Now that a decisive victory is impossible, the options available to all three of them – Trump, Netanyahu, and the Supreme Leader – are difficult and costly.
Resuming the fighting does not guarantee the American and Israeli allies better results than those achieved in forty days of intense bombing. It is now certain that the Supreme Leader's regime will not fall through military action, and that the losses it will suffer in a new round of war will be no less than what Washington's allies in the Arabian Gulf, and in Israel as well, could endure. A return to fighting is the worst news for the Iranian people; more destruction and casualties will make recovery even more difficult in the future.
Ending the war without an agreement is more costly than resuming the fighting. Trump and Netanyahu face crucial elections. The Democrats will show no mercy to Trump and his party in the midterm congressional elections. Their campaigns will strike at the heart of the victory narrative that the Republicans promote daily. The war has exceeded its stated costs, according to the Democrats, and the fate of Iran's nuclear program remains uncertain. The Supreme Leader's regime has returned, embodied by his son, even more extreme and aggressive. Gulf allies have been disappointed by their American ally and have paid a heavy price for a war in which they did not participate. Ending the war without an agreement means the Strait of Hormuz will remain closed to international shipping, consolidating Iran's control over the strait and subjecting the world to the new reality.

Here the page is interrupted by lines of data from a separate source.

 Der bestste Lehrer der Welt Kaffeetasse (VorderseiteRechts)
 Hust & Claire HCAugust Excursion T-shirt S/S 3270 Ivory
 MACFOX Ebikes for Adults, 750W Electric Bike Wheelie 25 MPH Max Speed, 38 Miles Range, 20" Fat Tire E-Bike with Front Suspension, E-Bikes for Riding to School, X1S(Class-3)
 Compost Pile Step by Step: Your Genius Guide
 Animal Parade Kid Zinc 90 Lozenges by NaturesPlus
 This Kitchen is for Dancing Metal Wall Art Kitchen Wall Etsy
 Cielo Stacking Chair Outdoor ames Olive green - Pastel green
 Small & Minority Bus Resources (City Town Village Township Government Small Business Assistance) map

Netanyahu will not dare declare victory in the elections. Iran has held firm, and its missiles are still capable of striking Tel Aviv. The Revolutionary Guard will not forgive Netanyahu and Israel for the assassination of the Supreme Leader; it will pursue them relentlessly. Hezbollah has regained its presence on the northern front and is now more capable of harming Israel. Lebanon has lost 5% of its territory, and destruction has befallen the south and the southern suburbs of Beirut, but Hezbollah is indifferent to Lebanon's fate. Israel's superior capabilities have thus far failed to stop the Iranian drones that strike its military units daily. Hezbollah will only be removed from the equation through a civil war, according to a segment of the Lebanese population today.

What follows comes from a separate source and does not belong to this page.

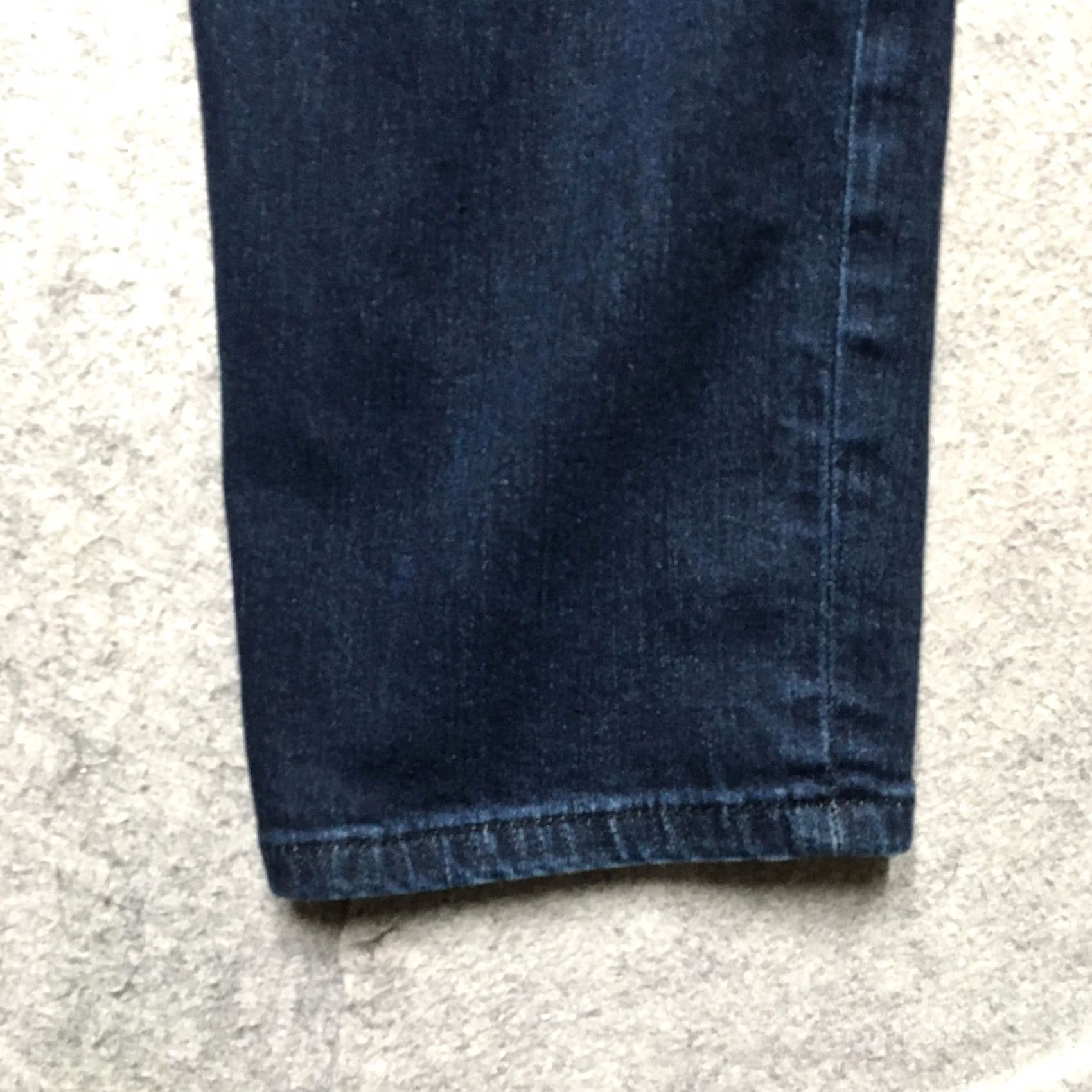 Vintage Barbell Apparel Jeans Mens 34x32 Dark Blue Straight Athletic Fit Stretch Denim Size US 34 / EU 50 - 7 Thumbnail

An endless conflict means a crippling economic blockade of Iran, exacerbated by the continued siege of Tehran's ports on the Gulf. This has led to a devastating crisis in the oil fields and a near-total inability to meet the most basic needs of the Iranian people. The Revolutionary Guard cannot maintain its grip on the levers of power in a shattered economy and with such a severe shortage of funds. The destruction of infrastructure, both military and civilian, will require tens of billions of dollars for repair and reconstruction.
The war united Iranians against their aggressors, but a ceasefire without an agreement offers no hope for the future and will likely spark widespread street protests. Like Americans, Iranians will hold their leadership accountable for the war's outcome. Resilience alone cannot justify the destruction, the blockade, and the human cost. Victory is meaningless if economic sanctions are not lifted and the country does not chart a new course for the future, one distinct from the path forged by decades of conflict with the world and its neighbors.
This war, unlike all wars in history, has a costly end for all parties involved, and resuming it would be a massacre for them. Leaving it as an open-ended conflict with no end in sight is a net loss, not only for the combatants, but for the whole world, which stood helpless before it and paid the price from its own pocket.